Com o surgimento da escrita, marcando o início da história, os registros se tornaram mais fáceis. Documentos antigos trazem receitas, fórmulas, descrições médicas completas, belíssimas poesias, histórias e a criação de seus mitos. O acúmulo de tudo isso se chamou cultura.

De lá pra cá temos tentado deixar nossas marcas, registrando nossos momentos, o desenvolvimento da sétima arte, música, pintura, escultura, poesia. O desenvolvimento tecnológico foi essencial para esses registros e sua disseminação por todo o mundo. A princípio rolos de filmes imensos, cassetes antigos, MP4, disquete, CDs e atualmente com as mais modernas máquinas filmadoras e tecnologias. Não podemos esquecer dos livros, é claro, uma das principais testemunhas da história.
 
Registrar. Registrar é importante para o mundo, mas principalmente para nós mesmos. Para olhar aquela foto antiga do fundo do baú, do domingo na casa da avó, do cachorro da nossa infância, do nosso primeiro dia de aula, daquele porre que nos arrasou, da entrada na faculdade e principalmente, da saída.

Dos lugares maravilhosos que tivemos a oportunidade de conhecer. Do casamento, do nascimento dos filhos, dos netos, das bodas de 50 anos. Muitas coisas ficarão para sempre no fundo da minha retina e em apenas algum lugar secreto da minha memória, pois eu não tinha essa noção do quanto é importante registrar. Assim, muito de mim se perdeu com o tempo e muito de vocês também.

Amanhã, quando a memória falhar e a saudade bater, tudo estará lá, registrado, filmado. E poderemos aplacar um pouco da saudade do que se foi, daqueles domingos em família, dos passeios no parque com os irmãos, daquelas visitas às fábricas da coca cola e daqueles deliciosos militos que não existem mais e, principalmente, daqueles nossos amados que já há muito alcançaram a eternidade. Somos um ponto insignificante na história da humanidade. Um ponto que insiste em gritar: estou aqui.

 

Temos ilusões, quanto a nossa importância e principalmente, quanto a nossas posses. Enquanto a verdade é que não possuímos nada. Nem o nosso próprio corpo nos pertence após a nossa partida. Somos tão orgulhosos daquele carro ou daquela casa gigante que conquistamos. Mas a verdade é que daqui cem anos ninguém saberá o quanto significou para nós, o quanto fomos felizes dentro das paredes desse lar. Assim, chego à conclusão que não somos donos, apenas usufrutuários.

 
Temos a ilusão do poder, do saber, mas mesmo aqueles que fizeram grandes descobertas, escreveram grandes obras, construíram pirâmides ou pisaram na lua descansam agora sob nossos pés. Ninguém resistiu ao poder do tempo. Ninguém resistirá.

Assim, seguimos registrando, fotografando, filmando, gravando, escrevendo livros.

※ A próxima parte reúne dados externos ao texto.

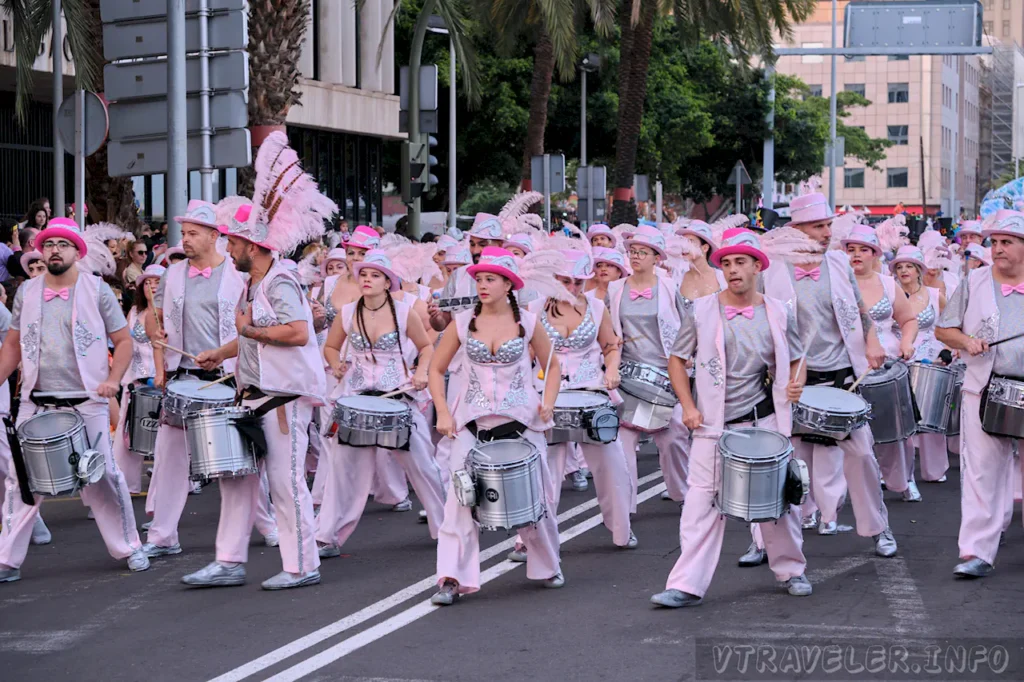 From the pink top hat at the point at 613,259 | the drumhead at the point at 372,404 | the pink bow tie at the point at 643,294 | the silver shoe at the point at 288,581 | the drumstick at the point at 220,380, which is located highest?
the pink top hat at the point at 613,259

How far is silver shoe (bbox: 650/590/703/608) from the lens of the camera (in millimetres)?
8477

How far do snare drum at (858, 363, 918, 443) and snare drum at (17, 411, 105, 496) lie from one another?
466 cm

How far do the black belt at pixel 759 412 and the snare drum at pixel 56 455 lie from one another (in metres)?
3.64

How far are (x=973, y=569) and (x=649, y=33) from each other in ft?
64.4

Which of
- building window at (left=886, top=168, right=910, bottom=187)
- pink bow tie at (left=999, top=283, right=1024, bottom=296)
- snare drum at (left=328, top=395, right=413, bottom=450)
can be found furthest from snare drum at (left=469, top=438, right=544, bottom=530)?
building window at (left=886, top=168, right=910, bottom=187)

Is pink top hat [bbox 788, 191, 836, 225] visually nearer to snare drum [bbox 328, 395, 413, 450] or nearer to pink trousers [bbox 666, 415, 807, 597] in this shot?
pink trousers [bbox 666, 415, 807, 597]

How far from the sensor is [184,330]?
414 inches

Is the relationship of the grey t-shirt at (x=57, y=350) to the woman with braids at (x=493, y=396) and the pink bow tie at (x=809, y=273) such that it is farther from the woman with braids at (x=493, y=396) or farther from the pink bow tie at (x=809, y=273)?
the pink bow tie at (x=809, y=273)

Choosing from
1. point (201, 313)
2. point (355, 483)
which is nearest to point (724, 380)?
point (355, 483)

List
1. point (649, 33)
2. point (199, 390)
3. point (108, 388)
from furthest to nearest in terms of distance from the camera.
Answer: point (649, 33)
point (199, 390)
point (108, 388)

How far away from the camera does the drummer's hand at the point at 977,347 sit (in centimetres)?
939

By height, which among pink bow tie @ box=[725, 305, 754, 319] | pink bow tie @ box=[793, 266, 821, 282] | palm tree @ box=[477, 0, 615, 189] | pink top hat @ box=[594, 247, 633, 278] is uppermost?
palm tree @ box=[477, 0, 615, 189]

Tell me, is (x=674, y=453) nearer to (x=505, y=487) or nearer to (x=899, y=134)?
(x=505, y=487)

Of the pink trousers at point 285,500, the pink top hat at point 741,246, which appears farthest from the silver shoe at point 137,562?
the pink top hat at point 741,246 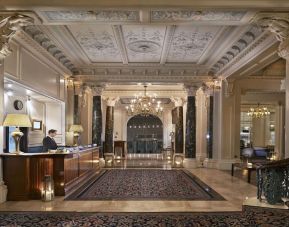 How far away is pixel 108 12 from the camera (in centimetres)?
537

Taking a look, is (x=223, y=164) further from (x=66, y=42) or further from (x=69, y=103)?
(x=66, y=42)

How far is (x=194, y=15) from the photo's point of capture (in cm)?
538

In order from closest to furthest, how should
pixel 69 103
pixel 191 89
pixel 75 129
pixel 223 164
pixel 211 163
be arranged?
pixel 75 129
pixel 223 164
pixel 69 103
pixel 211 163
pixel 191 89

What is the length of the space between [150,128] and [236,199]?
16991 mm

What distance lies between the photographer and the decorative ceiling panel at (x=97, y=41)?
7.80m

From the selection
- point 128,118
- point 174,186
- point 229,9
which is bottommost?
point 174,186

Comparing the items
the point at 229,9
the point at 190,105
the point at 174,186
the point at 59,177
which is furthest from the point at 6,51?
the point at 190,105

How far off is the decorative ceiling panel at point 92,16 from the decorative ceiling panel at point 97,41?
1.98 metres

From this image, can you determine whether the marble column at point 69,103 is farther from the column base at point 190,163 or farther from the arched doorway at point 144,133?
the arched doorway at point 144,133

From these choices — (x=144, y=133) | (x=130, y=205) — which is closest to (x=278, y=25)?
(x=130, y=205)

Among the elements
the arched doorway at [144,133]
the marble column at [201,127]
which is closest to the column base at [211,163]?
the marble column at [201,127]

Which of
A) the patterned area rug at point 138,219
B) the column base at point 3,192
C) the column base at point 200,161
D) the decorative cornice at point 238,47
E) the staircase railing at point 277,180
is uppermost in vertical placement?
the decorative cornice at point 238,47

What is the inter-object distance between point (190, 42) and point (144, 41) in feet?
4.32

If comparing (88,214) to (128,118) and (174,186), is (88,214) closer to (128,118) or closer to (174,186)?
(174,186) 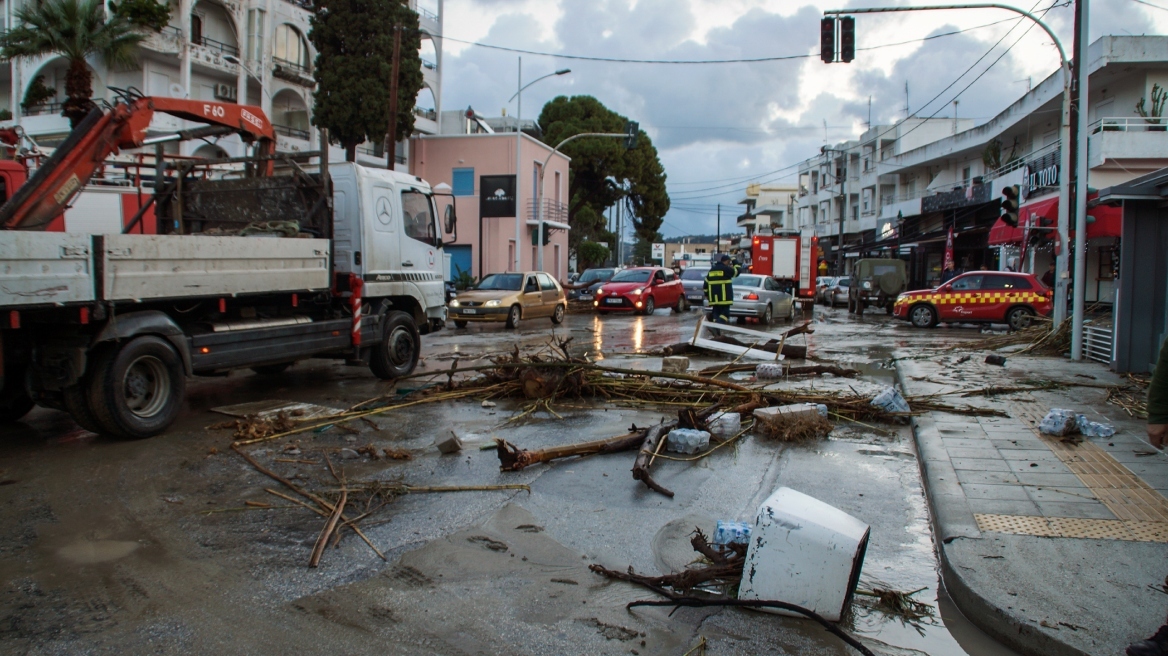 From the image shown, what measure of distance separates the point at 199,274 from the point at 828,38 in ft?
44.2

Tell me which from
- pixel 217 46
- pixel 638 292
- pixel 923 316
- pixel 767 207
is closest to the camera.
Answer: pixel 923 316

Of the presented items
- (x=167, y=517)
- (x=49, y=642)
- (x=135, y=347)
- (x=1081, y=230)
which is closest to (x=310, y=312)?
(x=135, y=347)

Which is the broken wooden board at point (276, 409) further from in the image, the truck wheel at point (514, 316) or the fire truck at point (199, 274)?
the truck wheel at point (514, 316)

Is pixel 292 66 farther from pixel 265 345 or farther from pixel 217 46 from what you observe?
pixel 265 345

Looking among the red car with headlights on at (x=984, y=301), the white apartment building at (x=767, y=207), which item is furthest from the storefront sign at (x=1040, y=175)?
the white apartment building at (x=767, y=207)

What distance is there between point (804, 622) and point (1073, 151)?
13.7 metres

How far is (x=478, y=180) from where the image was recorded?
4094cm

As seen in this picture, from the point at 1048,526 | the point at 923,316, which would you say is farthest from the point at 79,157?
the point at 923,316

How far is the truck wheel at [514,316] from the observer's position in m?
20.3

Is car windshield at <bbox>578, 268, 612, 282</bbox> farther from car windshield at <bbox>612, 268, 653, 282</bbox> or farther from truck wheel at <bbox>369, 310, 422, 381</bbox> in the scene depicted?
truck wheel at <bbox>369, 310, 422, 381</bbox>

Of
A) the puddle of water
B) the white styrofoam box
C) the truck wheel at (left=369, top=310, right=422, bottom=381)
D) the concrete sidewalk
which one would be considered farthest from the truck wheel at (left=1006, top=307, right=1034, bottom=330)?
the puddle of water

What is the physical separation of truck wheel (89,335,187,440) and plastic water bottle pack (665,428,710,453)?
455 cm

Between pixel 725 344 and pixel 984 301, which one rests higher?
pixel 984 301

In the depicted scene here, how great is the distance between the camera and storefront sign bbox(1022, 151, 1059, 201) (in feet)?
89.2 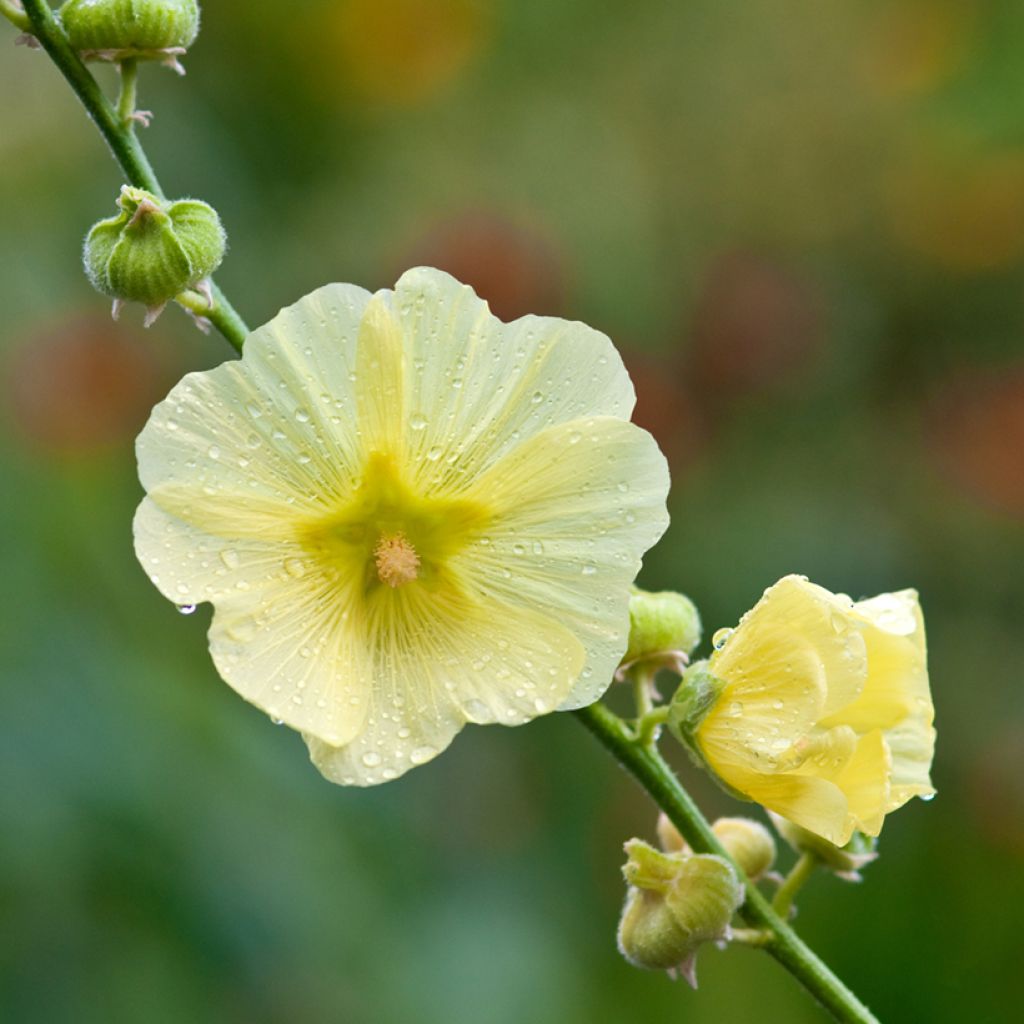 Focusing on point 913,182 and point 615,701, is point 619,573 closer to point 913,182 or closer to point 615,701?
point 615,701

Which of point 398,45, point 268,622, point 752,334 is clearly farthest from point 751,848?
point 398,45

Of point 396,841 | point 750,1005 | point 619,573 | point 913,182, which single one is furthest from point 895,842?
point 619,573

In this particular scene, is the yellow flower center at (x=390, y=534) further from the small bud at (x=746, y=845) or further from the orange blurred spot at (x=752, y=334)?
the orange blurred spot at (x=752, y=334)

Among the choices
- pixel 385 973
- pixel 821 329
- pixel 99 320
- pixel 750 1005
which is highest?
pixel 99 320

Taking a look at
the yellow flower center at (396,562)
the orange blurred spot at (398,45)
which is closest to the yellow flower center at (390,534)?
the yellow flower center at (396,562)

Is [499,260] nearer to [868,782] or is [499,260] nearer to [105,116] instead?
[105,116]

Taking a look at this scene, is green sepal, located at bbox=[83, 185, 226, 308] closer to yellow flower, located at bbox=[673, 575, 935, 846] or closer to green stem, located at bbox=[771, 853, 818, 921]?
yellow flower, located at bbox=[673, 575, 935, 846] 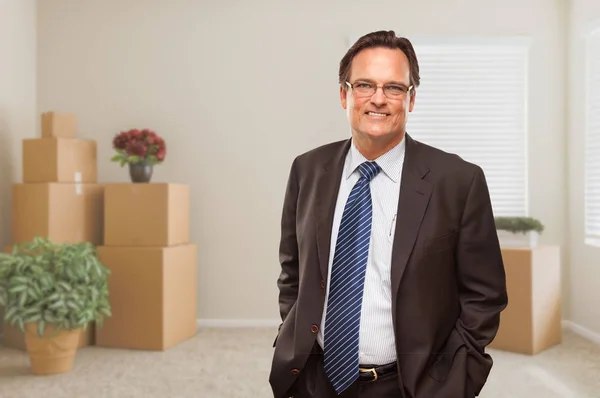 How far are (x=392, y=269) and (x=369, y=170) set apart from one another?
9.4 inches

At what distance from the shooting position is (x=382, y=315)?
4.61 ft

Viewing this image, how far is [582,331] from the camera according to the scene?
4.95 m

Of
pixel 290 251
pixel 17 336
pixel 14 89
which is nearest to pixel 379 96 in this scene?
pixel 290 251

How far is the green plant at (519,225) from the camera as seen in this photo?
458cm

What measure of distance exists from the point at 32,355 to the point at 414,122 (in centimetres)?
330

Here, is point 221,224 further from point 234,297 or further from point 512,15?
point 512,15

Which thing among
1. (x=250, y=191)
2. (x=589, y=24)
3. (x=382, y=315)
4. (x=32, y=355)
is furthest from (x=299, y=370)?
(x=589, y=24)

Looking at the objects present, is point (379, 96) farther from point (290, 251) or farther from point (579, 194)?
point (579, 194)

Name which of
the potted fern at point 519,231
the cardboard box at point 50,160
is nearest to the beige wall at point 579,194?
the potted fern at point 519,231

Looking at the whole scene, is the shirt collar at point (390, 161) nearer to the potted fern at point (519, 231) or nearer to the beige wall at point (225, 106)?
the potted fern at point (519, 231)

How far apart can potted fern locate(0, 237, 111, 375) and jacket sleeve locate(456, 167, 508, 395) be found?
2853 mm

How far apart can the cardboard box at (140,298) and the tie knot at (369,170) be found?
3.21 metres

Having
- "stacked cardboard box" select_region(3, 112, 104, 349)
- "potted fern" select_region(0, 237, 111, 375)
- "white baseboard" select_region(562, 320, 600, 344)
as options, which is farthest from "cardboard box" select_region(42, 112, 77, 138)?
"white baseboard" select_region(562, 320, 600, 344)

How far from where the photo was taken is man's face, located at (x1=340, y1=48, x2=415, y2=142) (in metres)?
1.39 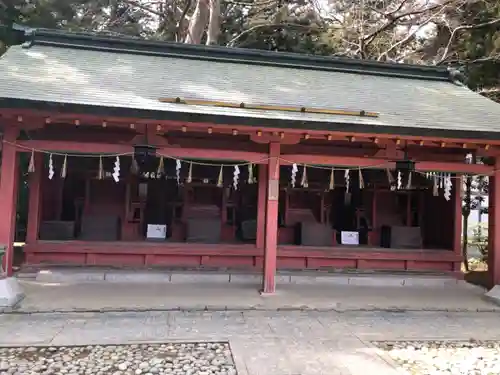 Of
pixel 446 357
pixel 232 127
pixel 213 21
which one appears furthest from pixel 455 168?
pixel 213 21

Somos testemunhas do nosso tempo. Nem tudo o que registramos terá importância, apenas alguns fatos se tornarão históricos. Mas seguimos por aqui, tentando deixar as nossas marcas. E quando o futuro longínquo chegar, a história certamente nos julgará, pois a história não dorme no ponto... e talvez haverá alguém para torcer o nariz para os nossos penteados, nossos dramas e nossos costumes. Paciência. É o risco que corremos com toda essa “exposição”.






Sobre a autora:
Silvia Nery é médica psiquiatra, estudante de direito da UEA e uma entusiasta das letras. Mantém sua coluna no Portal M2 News desde 2018.